Kendilerine aylık bağlanan dul ve yetimler;ilgili sosyal güvenlik kurumları mevzuatı gereği aylıklarının kesilmesi halinde, bu madde ile verilen diğer haklardan da yararlanamazlar.


Terörden zarar gören diğer kişilere yardım


Madde 22 – (Değişik: 13/11/1995 - 4131/2 md.)

Terör eylemlerinden dolayı yararlananların tedavileri Devlet tarafından yapılır. Zarar gören, can ve mal kaybına uğrayan vatandaşlara, Sosyal Yardımlaşma ve Dayanışmayı Teşvik Fonundan öncelikle yardım yapılır. Bu fondan ilk ve orta öğrenim çağındaki şehit çocuklarının öğrenim masrafları karşılanır.

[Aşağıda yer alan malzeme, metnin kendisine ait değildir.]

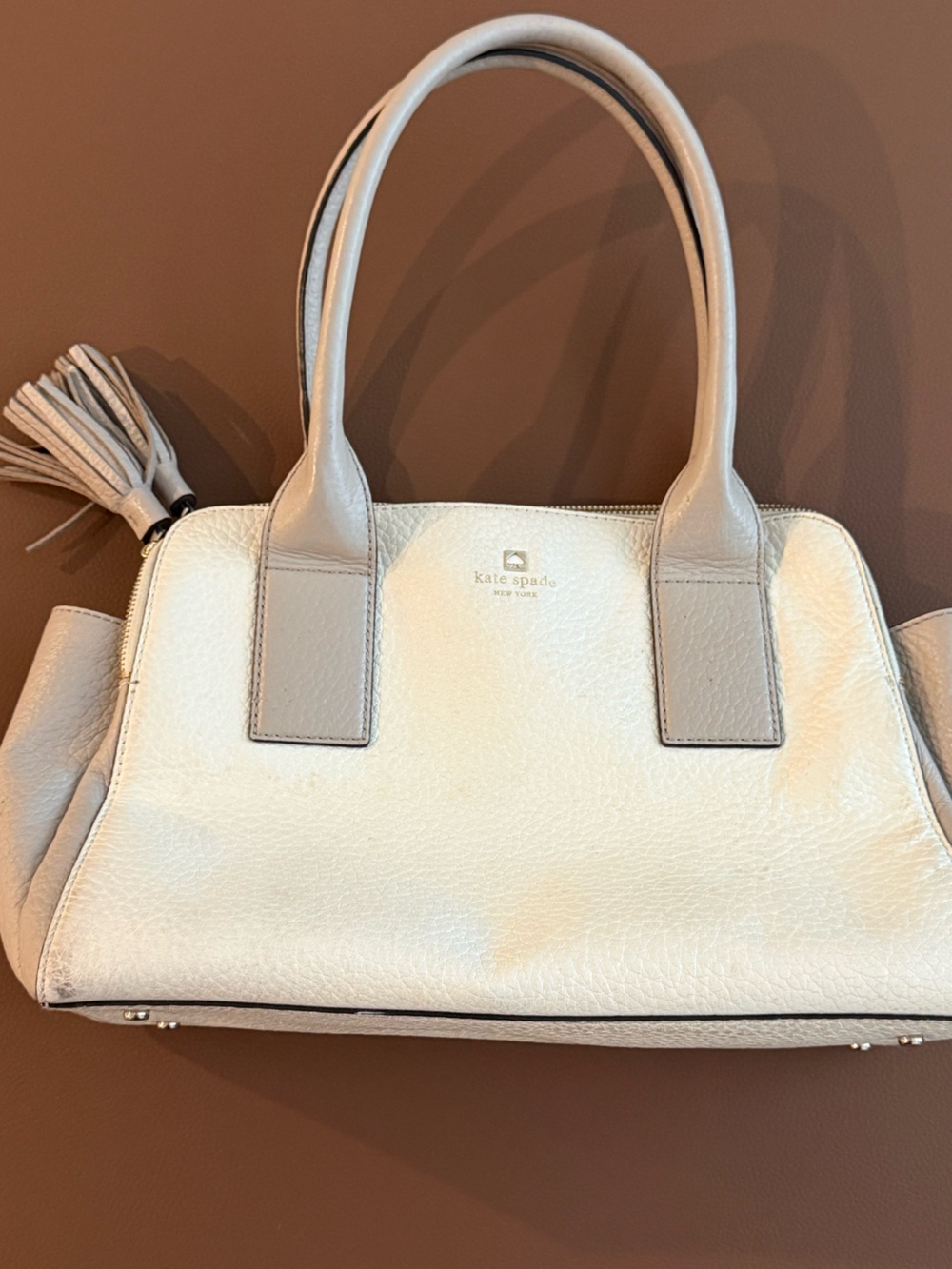 kate spade Cream Pebbled Leather Tote with Tassel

Yardımın kapsam ve ölçüsü, Fonun mahalli yetkililerince belirlenecek miktarı aşmamak kaydıyla Fon Kurulunca tespit edilir.

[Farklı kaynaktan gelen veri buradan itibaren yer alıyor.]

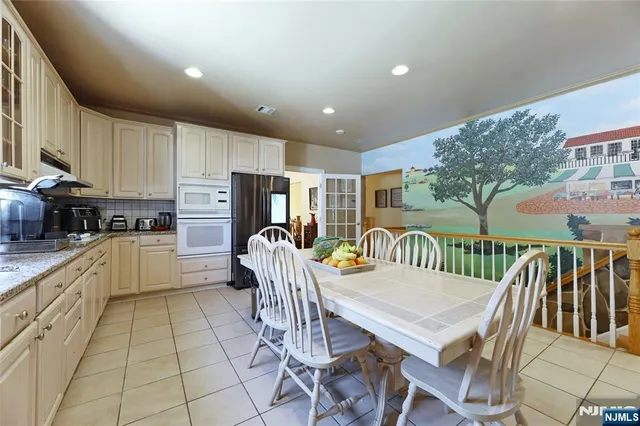 a kitchen with stainless steel appliances granite countertop a stove a sink a dining table and chairs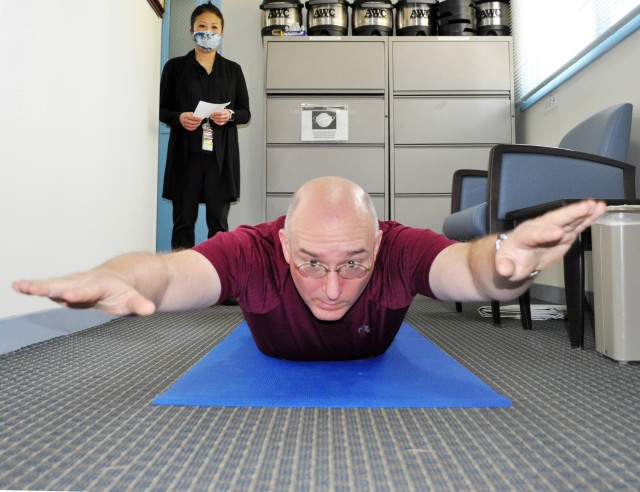 Stephen Harmon, a health promotion technician for the Camp Zama Army Wellness Center, demonstrates a “Superman” push-up at the center, Camp Zama, Japan, Nov. 3. Shannon Vo, a health educator at the center, looks on. The exercise is one example...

Ek Madde 1 – (Ek: 13/11/1995 - 4131/3 md.)

A) Genel, katma ve özel bütçeli kurum ve kuruluşlarla mahalli idareler ve sermayesinin yarısından fazlası kamuya ait olan her nevi teşebbüs veya bağlı ortaklıklar, 657 sayılı Devlet Memurları Kanununa tabi memur kadroları ile sözleşmeli personel ve sürekli işçi kadrolarının % 2'sini, bu Kanunun 1 inci maddesinde yazılı terör eylemleri nedeni ve etkisiyle;17

a) (Değişik: 4/7/2012-6353/76 md.) Görevleri sona ermiş olsa bile 21 inci maddede belirtilen görevleri yapmaları nedeniyle uğradıkları saldırı sonucu şehit olanlar dahil kamu görevlileri, er ve erbaşlar ile geçici ve gönüllü köy korucularından veya 21 inci maddenin birinci fıkrasının (i) bendi ya da ikinci fıkrası kapsamındakilerden şehit olanların eş veya çocuklarından birisi ile ana, baba veya kardeşlerinden birisi olmak üzere toplam iki kişinin; şehidin ana, baba ve kardeşi bulunmaması durumunda eş veya çocuklarından toplam iki kişinin; şehidin eş veya çocuğunun bulunmaması durumunda ana veya babası ile kardeşlerinden birisi olmak üzere toplam iki kişinin, ana veya babanın bu hakkı kullanmaması durumunda ise bir diğer kardeşi olmak üzere toplam iki kişinin,

b) (Değişik: 4/7/2012-6353/76 md.) (a) bendinde sayılanlardan malul olup da çalışabilir durumda olanların kendilerinin, çalışamayacak durumda olanların ise eş veya çocuklarından birisinin, eşi ve çocuğu yoksa kardeşlerinden birisinin,

c) (Ek: 4/7/2012-6353/76 md.) 21 inci maddenin birinci fıkrasının (j) bendi kapsamındakilerden hayatını kaybedenlerin eş veya çocuklarından birisi, eşi veya çocuğu yoksa kardeşlerinden birisinin; 21 inci maddenin birinci fıkrasının (j) bendi kapsamındakilerden malul olanlardan çalışabilir durumda olanların kendilerinin, çalışamayacak durumda olanların ise eş veya çocuklarından birisinin,

İstihdamı için ayırmak ve bu fıkra hükümleri çerçevesinde belirlenecek kişileri işe almak veya atamak zorundadırlar.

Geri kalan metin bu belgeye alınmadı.